◆ **TASK**:
From the first line to the last, copy the listing exactly and omit the images.

◆ **DATA EXCERPT**:
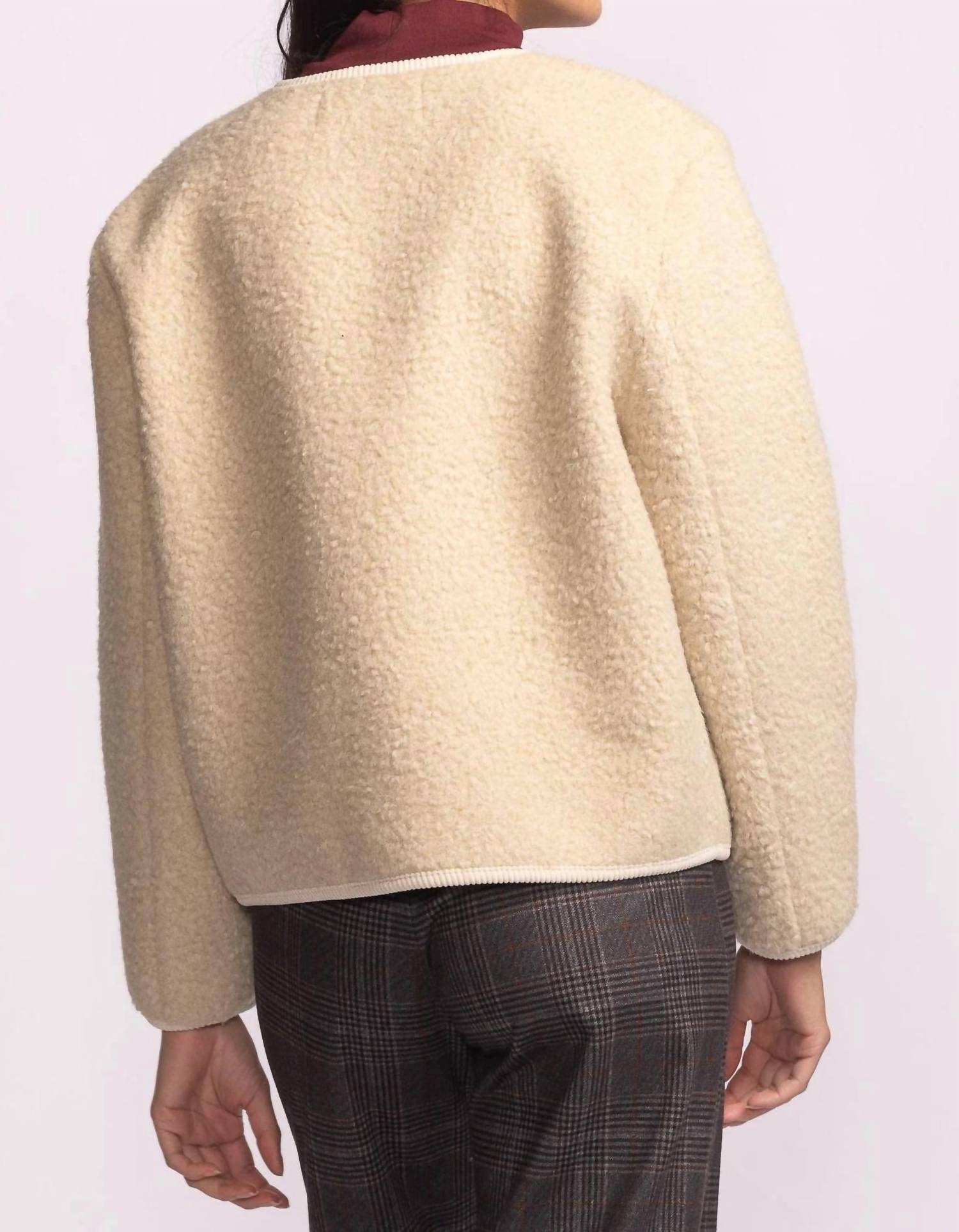 PINK MARTINI Lomas Fleece Coat Jacket in beige - women's jacket - alternate view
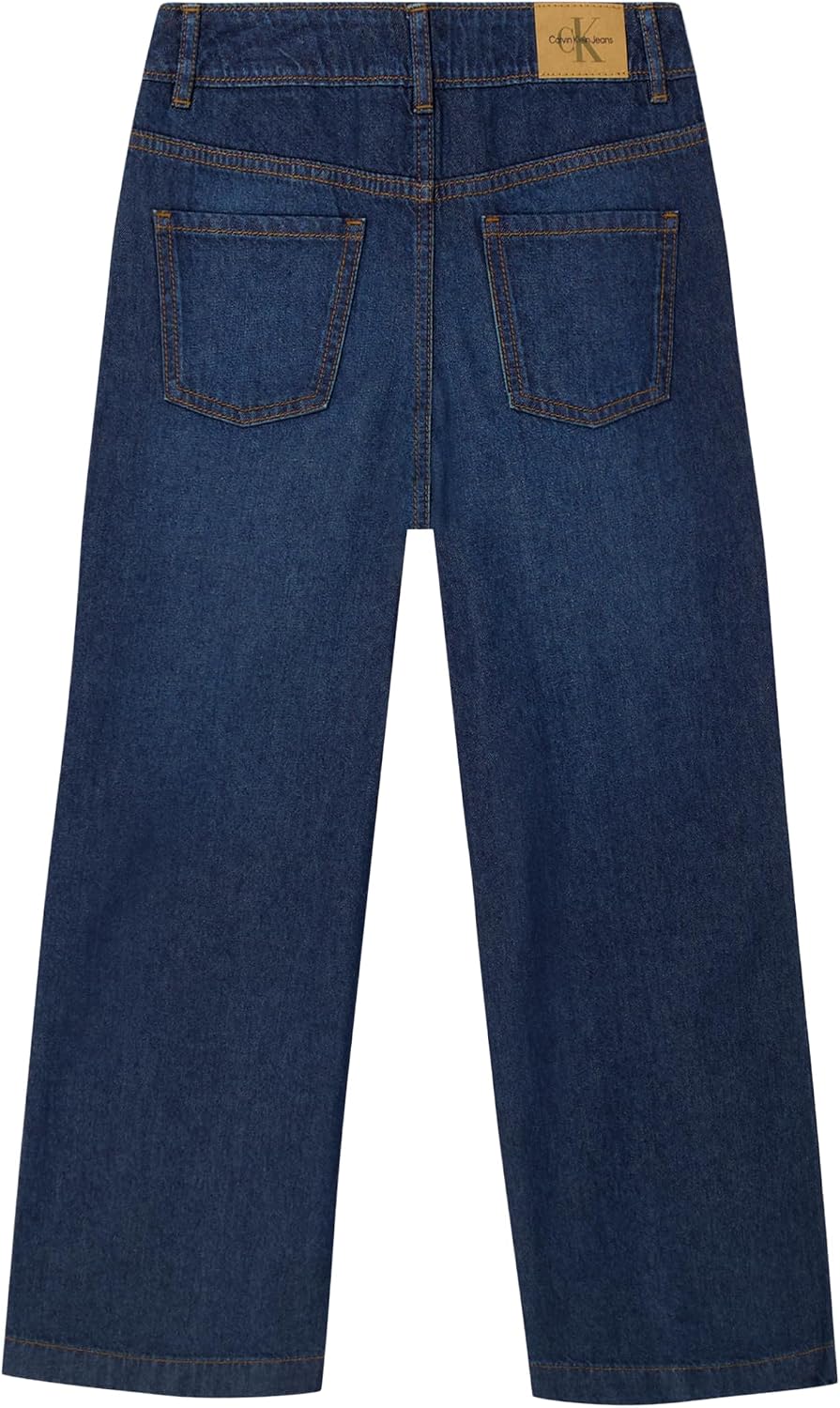 Calvin Klein Girls' 5-Pocket Seamed Wide Leg Denim Jean, Zipper Fly & Button Closure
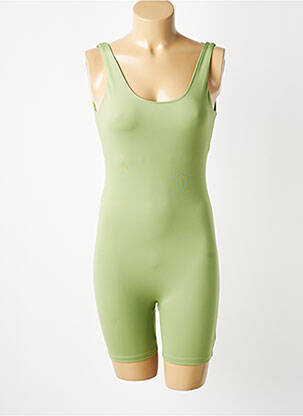 Salopetă scurtă fără mâneci fără mâneci verde GIRLFRIEND COLLECTIVE femeie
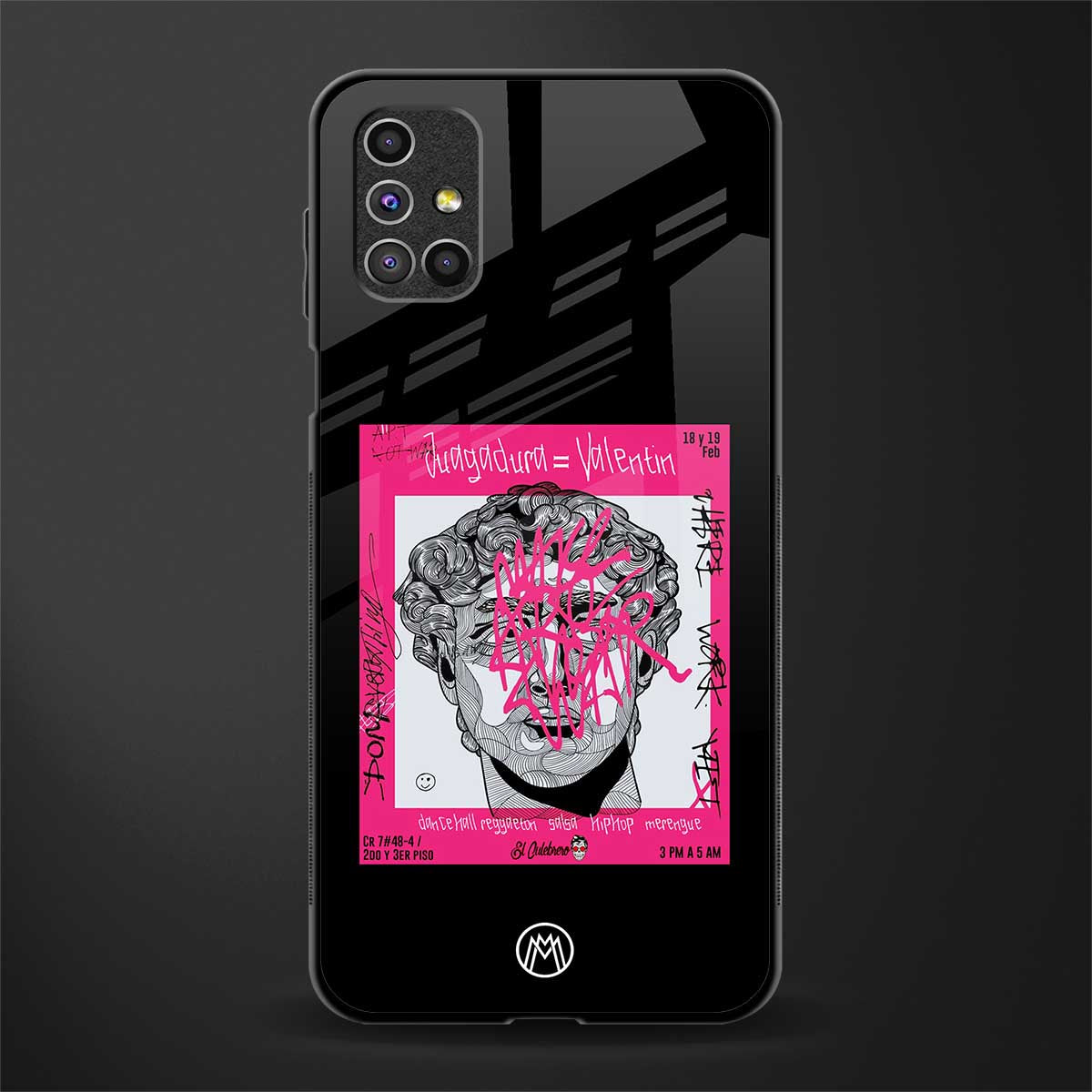 scribbled david michelangelo glass case for samsung galaxy m31s image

◆ **RESPONSE TO THIS TASK**:
 PINK MARTINI Lomas Fleece Coat Jacket in beige - women's jacket - alternate view
 Calvin Klein Girls' 5-Pocket Seamed Wide Leg Denim Jean, Zipper Fly & Button Closure
 Salopetă scurtă fără mâneci fără mâneci verde GIRLFRIEND COLLECTIVE femeie
 scribbled david michelangelo glass case for samsung galaxy m31s image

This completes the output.